Album Type: Full Length
Date Released: 20/01/2017
Label: Season of Mist
A less
conservative approach to progressive tinted death metal, they pepper their
songs with plenty of other musical flavourings. From the avant garde shredding
on ‘Jove’, to the turbo charged, time signature metamorphosis assault of ‘Sum’,
each track flaunts its own distinctive character. So if the likes of Animals As
Leaders, Death, Obscura and Cynic appeal to you, then prepare for your taste
buds to be tantalised.
“Śūnyatā” CD//DD//LP track
listing:
1). Gaia
2). Benzaiten
3). Jove
4). Sum
5). Elpis
6). Paradise
7). Samsara
The Review:
“Instrumental
music,”
this record’s accompanying press release concludes, “traditionally has a
harder time in metal as in other genres. All too often, virtuoso musicians have
used their talent mainly to stroke already massive egos. Yet bands like Animals As Leaders have demonstrated that
ambitious skills and passionate song-writing can be fused into something
greater, which appeals far beyond the grudging respect of colleagues.”
Indeed,
while Vipassi drag their instrumental
music down more deathly, but ultimately bewildering complex hallows reminiscent
of Animals As Leaders – who have also
featured in this column – that band has been helping people consider the genre
of late.

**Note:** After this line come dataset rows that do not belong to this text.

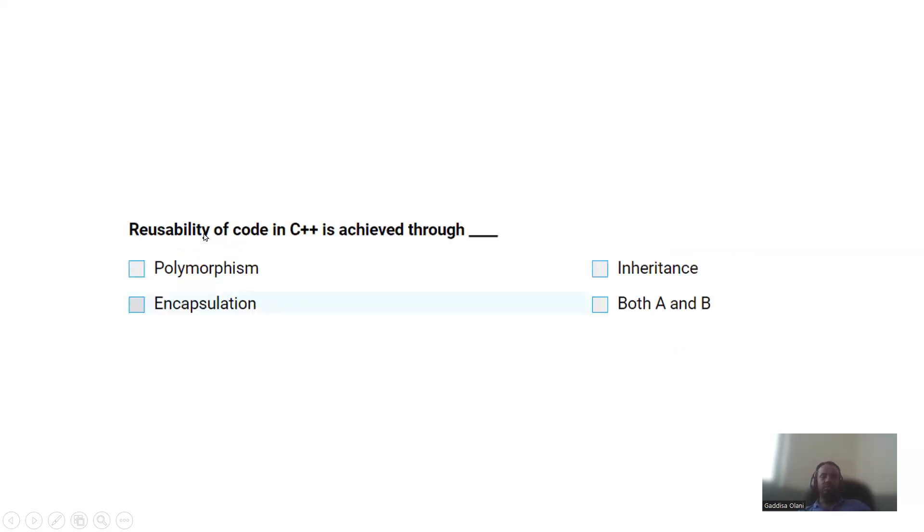The reusability of code in C++ is achieved through inheritance.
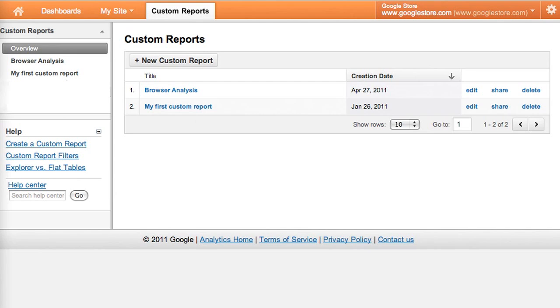Now you can see that our custom report is listed in the left navigation on the custom reports tab. We can click it any time to see the report. The report is also listed in the custom reports overview, and it can be edited, shared, or deleted.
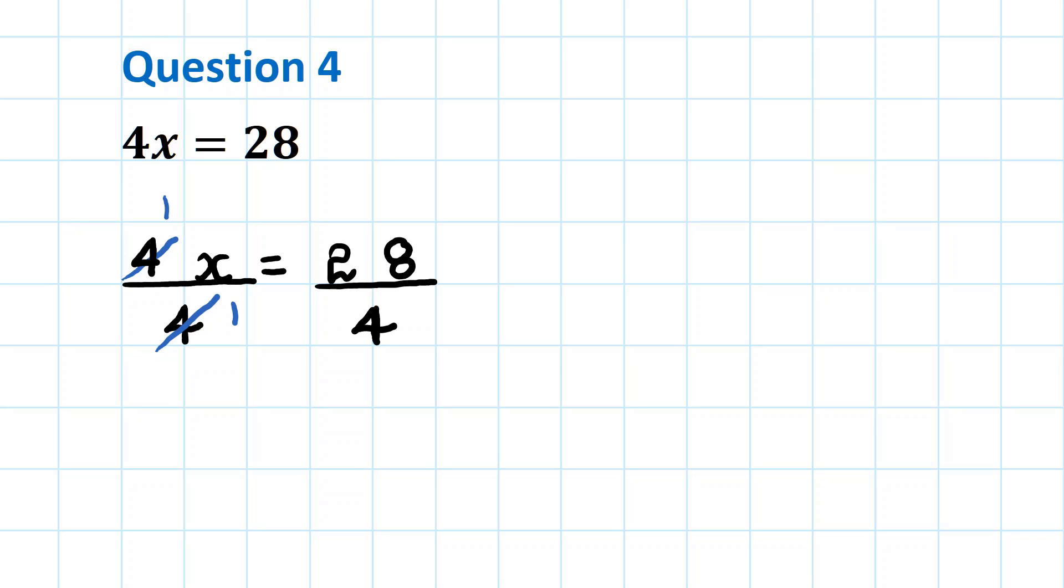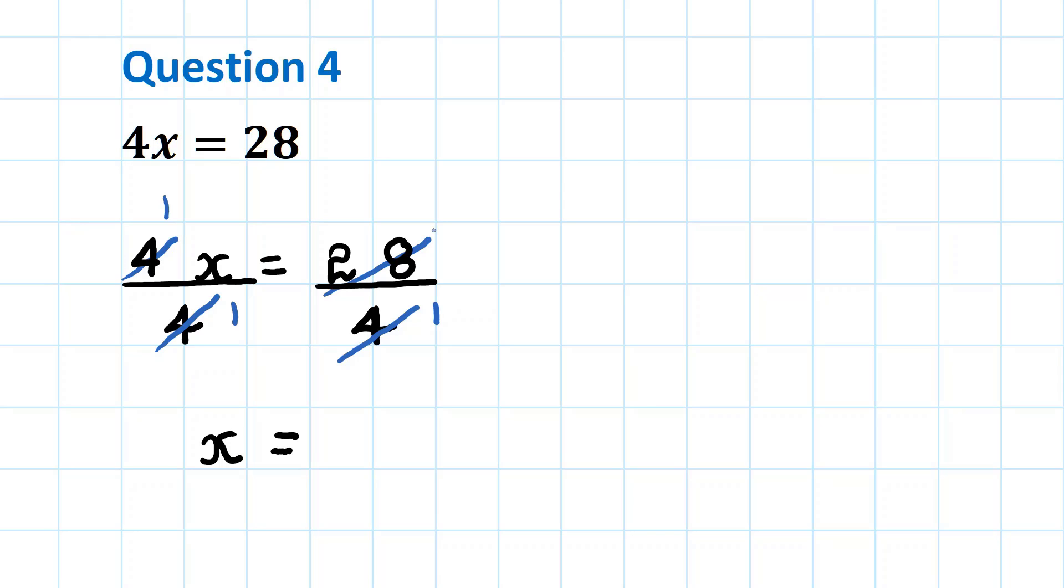4 goes into 28: 1 four is 4, 2 fours are 8, 3 fours are 12, 4 fours are 16, 5 fours are 20, 6 fours are 24, 7 fours are 28. 7 over 1 is 7. Any number over the value of 1 is the number itself.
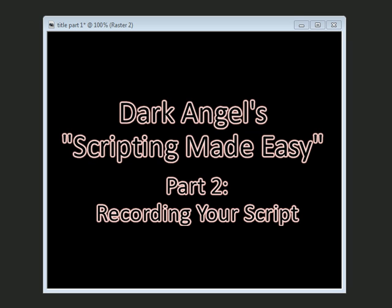Hi and welcome back to Scripting Made Easy with Dark Angel. In lesson one I gave you the tools that you needed and showed you where everything needs to be placed. In part two here I'm going to teach you how to record your script, and it's very easy.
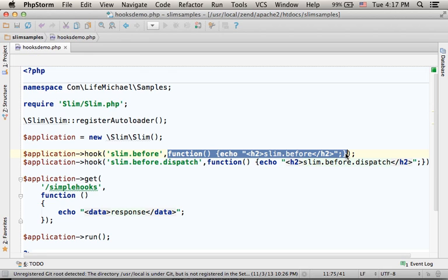That function will be invoked when the SLIM application is about to start, meaning just a moment before the SLIM application starts its lifecycle.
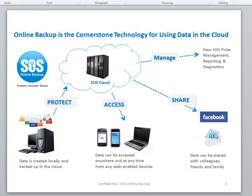So, scoot on over to our help website to look at other how-to videos we've got, or check out the SOS website and download a free trial. Thanks for your time.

The band’s surging popularity is contradictory to what makes the
charts, of both mainstream and metallic varieties, and as a result is opening
the door of opportunity to bands like Vipassi.
The
band was born from jam sessions in 2009 between guitarist Ben Boyle and members
of Australia’s
Ne Obliviscaris – drummer Dan
Presland, bassist Brendan Brown and guitarist Benjamin Baret. Soon, as the press
release goes on to say, they “settled on an instrumental style that captured
the openness aimed for to allow any listener to interpret and connect with the
material subjectively. Their project represents a desire to explore beauty and
darkness in all its shades, through melodic and complex compositions”.
Just
like how the bass driven sounds of Obscura
are treading on the turf Death once
carved out as their own, continuing their legacy in a heavy but imaginative
manner, Vipassi too are carrying the
torch. A less conservative approach to progressive tinted death metal – and
Chuck Schuldiner was anything but conservative – they pepper their songs with
plenty of other musical flavourings. From the avant garde shredding on ‘Jove’,
to the turbo charged, time signature metamorphosis assault of ‘Sum’,
each track flaunts its own distinctive character.
Like
Obscura too, the bass is powerfully
prevalent. Brendan Brown’s playing refuses to just steady the ship, it can fly
off the handle at any conceivable moment, meandering like a lost child in a
supermarket, but played with an impressive conviction, grace and musicality
belying of its disregard of convention. He is there secret weapon.
Where
a singer may add interest and that all-important record selling earworm, here
they don’t so much as compensate for their lack of vocals by shifting time
signatures every which way as they do utilise the void therein. Their venomous
songs have many twists in their tails; they can pirouette on a knife edge, flip
upside or segue from primitive passages to ones of airy, chilling calm. The
change comes as sudden, but never feels anything but smooth.
Listen
with headphones and these compositions become wholly, terrifyingly immersive. ‘Elpis’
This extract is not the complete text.